WHAT NEEDS TO BE DONE
Images in the data are to be skipped, while every line is restated exactly as written.
[DATASET EXCERPT Boundary: Start]
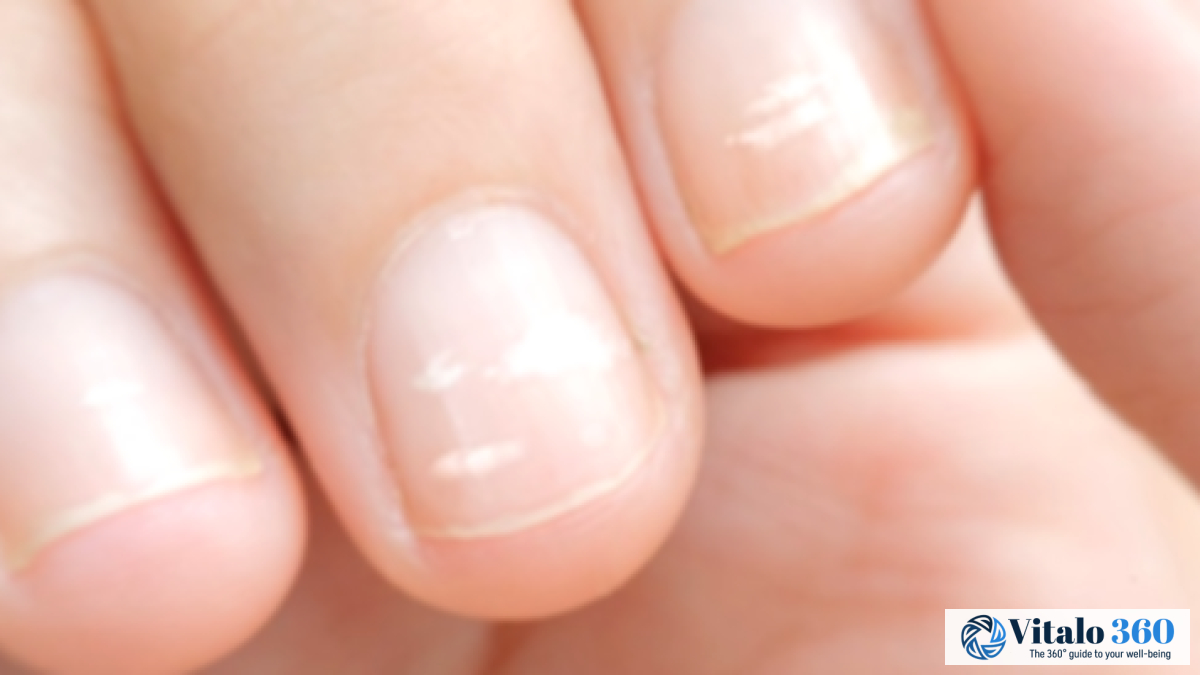 Healthy Nails, Healthy You: What Your Nails Say Healthy Nails, Healthy You: What Your Nails Say
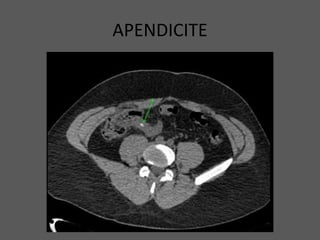 APENDICITE
 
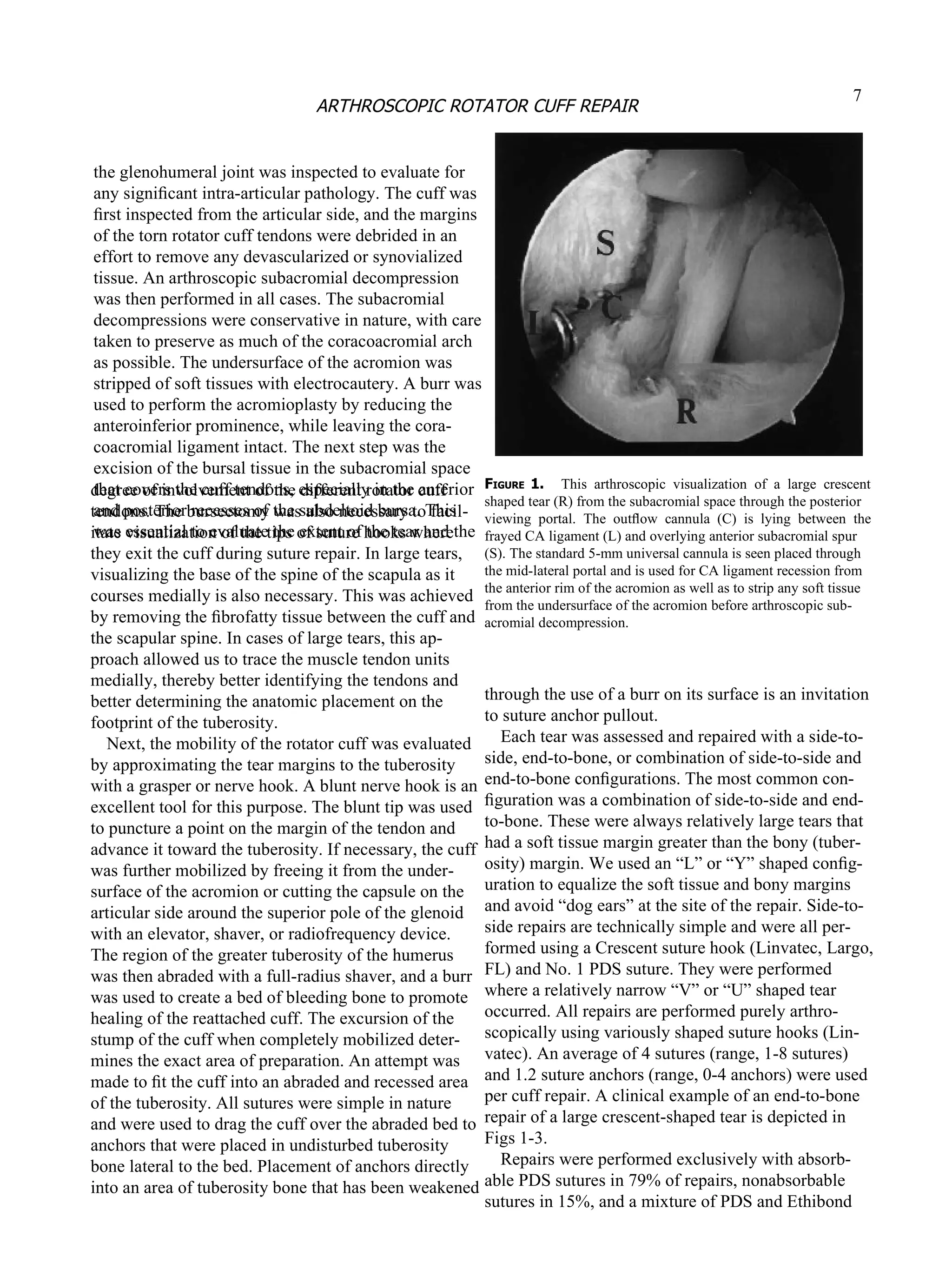 degree of involvement of the different rotator cuff tendons. The bursectomy was also necessary to facil- itate visualization of the tips of suture hooks where they exit the cuff during suture repair. In large tears, visualizing the base of the spine of the scapula as it courses medially is also necessary. This was achieved by removing the ﬁbrofatty tissue between the cuff and the scapular spine. In cases of large tears, this ap- proach allowed us to trace the muscle tendon units medially, thereby better identifying the tendons and better determining the anatomic placement on the footprint of the tuberosity. Next, the mobility of the  rotator cuff  was evaluated by approximating the tear margins to the tuberosity with a grasper or nerve hook. A blunt nerve hook is an excellent tool for this purpose. The blunt tip was used to puncture a point on the margin of the tendon and advance it toward the tuberosity. If necessary, the cuff was further mobilized by freeing it from the under- surface of the acromion or cutting the capsule on the articular side around the superior pole of the glenoid with an elevator, shaver, or radiofrequency device. The region of the greater tuberosity of the humerus was then abraded with a full-radius shaver, and a burr was used to create a bed of bleeding bone to promote healing of the reattached cuff. The excursion of the stump of the cuff when completely mobilized deter- mines the exact area of preparation. An attempt was made to ﬁt the cuff into an abraded and recessed area of the tuberosity. All sutures were simple in nature and were used to drag the cuff over the abraded bed to anchors that were placed in undisturbed tuberosity bone lateral to the bed. Placement of anchors directly into an area of tuberosity bone that has been weakened F IGURE  1.  This  arthroscopic  visualization  of  a  large  crescent shaped tear (R) from the subacromial space through the posterior viewing  portal.  The  outﬂow  cannula  (C)  is  lying  between  the frayed CA ligament (L) and overlying anterior subacromial spur (S). The standard 5-mm universal cannula is seen placed through the mid-lateral portal and is used for CA ligament recession from the anterior rim of the acromion as well as to strip any soft tissue from the undersurface of the acromion before arthroscopic sub- acromial decompression. through the use of a burr on its surface is an invitation to suture anchor pullout. Each tear was assessed and repaired with a side-to- side, end-to-bone, or combination of side-to-side and end-to-bone conﬁgurations. The most common con- ﬁ guration was a combination of side-to-side and end- to-bone. These were always relatively large tears that had a soft tissue margin greater than the bony (tuber- osity) margin. We used an “L” or “Y” shaped conﬁg- uration to equalize the soft tissue and bony margins and avoid “dog ears” at the site of the repair. Side-to- side repairs are technically simple and were all per- formed using a Crescent suture hook (Linvatec, Largo, FL) and No. 1 PDS suture. They were performed where a relatively narrow “V” or “U” shaped tear occurred. All repairs are performed purely arthro- scopically using variously shaped suture hooks (Lin- vatec). An average of 4 sutures (range, 1-8 sutures) and 1.2 suture anchors (range, 0-4 anchors) were used per cuff repair. A clinical example of an end-to-bone repair of a large crescent-shaped tear is depicted in Figs 1-3. Repairs were performed exclusively with absorb- able PDS sutures in 79% of repairs, nonabsorbable sutures in 15%, and a mixture of PDS and Ethibond 7 ARTHROSCOPIC ROTATOR CUFF REPAIR the glenohumeral joint was inspected to evaluate for any signiﬁcant intra-articular pathology. The cuff was ﬁ rst inspected from the articular side, and the margins of the torn rotator cuff tendons were debrided in an effort to remove any devascularized or synovialized tissue. An arthroscopic subacromial decompression was then performed in all cases. The subacromial decompressions were conservative in nature, with care taken to preserve as much of the coracoacromial arch as possible. The undersurface of the acromion was stripped of soft tissues with electrocautery. A burr was used to perform the acromioplasty by reducing the anteroinferior prominence, while leaving the cora- coacromial ligament intact. The next step was the excision of the bursal tissue in the subacromial space that covers the cuff tendons, especially in the anterior and posterior recesses of the subdeltoid bursa. This was essential to evaluate the extent of the tear and the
[DATASET EXCERPT Boundary: End]
FINISHED TASK
 Healthy Nails, Healthy You: What Your Nails Say Healthy Nails, Healthy You: What Your Nails Say
 APENDICITE
 
 degree of involvement of the different rotator cuff tendons. The bursectomy was also necessary to facil- itate visualization of the tips of suture hooks where they exit the cuff during suture repair. In large tears, visualizing the base of the spine of the scapula as it courses medially is also necessary. This was achieved by removing the ﬁbrofatty tissue between the cuff and the scapular spine. In cases of large tears, this ap- proach allowed us to trace the muscle tendon units medially, thereby better identifying the tendons and better determining the anatomic placement on the footprint of the tuberosity. Next, the mobility of the  rotator cuff  was evaluated by approximating the tear margins to the tuberosity with a grasper or nerve hook. A blunt nerve hook is an excellent tool for this purpose. The blunt tip was used to puncture a point on the margin of the tendon and advance it toward the tuberosity. If necessary, the cuff was further mobilized by freeing it from the under- surface of the acromion or cutting the capsule on the articular side around the superior pole of the glenoid with an elevator, shaver, or radiofrequency device. The region of the greater tuberosity of the humerus was then abraded with a full-radius shaver, and a burr was used to create a bed of bleeding bone to promote healing of the reattached cuff. The excursion of the stump of the cuff when completely mobilized deter- mines the exact area of preparation. An attempt was made to ﬁt the cuff into an abraded and recessed area of the tuberosity. All sutures were simple in nature and were used to drag the cuff over the abraded bed to anchors that were placed in undisturbed tuberosity bone lateral to the bed. Placement of anchors directly into an area of tuberosity bone that has been weakened F IGURE  1.  This  arthroscopic  visualization  of  a  large  crescent shaped tear (R) from the subacromial space through the posterior viewing  portal.  The  outﬂow  cannula  (C)  is  lying  between  the frayed CA ligament (L) and overlying anterior subacromial spur (S). The standard 5-mm universal cannula is seen placed through the mid-lateral portal and is used for CA ligament recession from the anterior rim of the acromion as well as to strip any soft tissue from the undersurface of the acromion before arthroscopic sub- acromial decompression. through the use of a burr on its surface is an invitation to suture anchor pullout. Each tear was assessed and repaired with a side-to- side, end-to-bone, or combination of side-to-side and end-to-bone conﬁgurations. The most common con- ﬁ guration was a combination of side-to-side and end- to-bone. These were always relatively large tears that had a soft tissue margin greater than the bony (tuber- osity) margin. We used an “L” or “Y” shaped conﬁg- uration to equalize the soft tissue and bony margins and avoid “dog ears” at the site of the repair. Side-to- side repairs are technically simple and were all per- formed using a Crescent suture hook (Linvatec, Largo, FL) and No. 1 PDS suture. They were performed where a relatively narrow “V” or “U” shaped tear occurred. All repairs are performed purely arthro- scopically using variously shaped suture hooks (Lin- vatec). An average of 4 sutures (range, 1-8 sutures) and 1.2 suture anchors (range, 0-4 anchors) were used per cuff repair. A clinical example of an end-to-bone repair of a large crescent-shaped tear is depicted in Figs 1-3. Repairs were performed exclusively with absorb- able PDS sutures in 79% of repairs, nonabsorbable sutures in 15%, and a mixture of PDS and Ethibond 7 ARTHROSCOPIC ROTATOR CUFF REPAIR the glenohumeral joint was inspected to evaluate for any signiﬁcant intra-articular pathology. The cuff was ﬁ rst inspected from the articular side, and the margins of the torn rotator cuff tendons were debrided in an effort to remove any devascularized or synovialized tissue. An arthroscopic subacromial decompression was then performed in all cases. The subacromial decompressions were conservative in nature, with care taken to preserve as much of the coracoacromial arch as possible. The undersurface of the acromion was stripped of soft tissues with electrocautery. A burr was used to perform the acromioplasty by reducing the anteroinferior prominence, while leaving the cora- coacromial ligament intact. The next step was the excision of the bursal tissue in the subacromial space that covers the cuff tendons, especially in the anterior and posterior recesses of the subdeltoid bursa. This was essential to evaluate the extent of the tear and the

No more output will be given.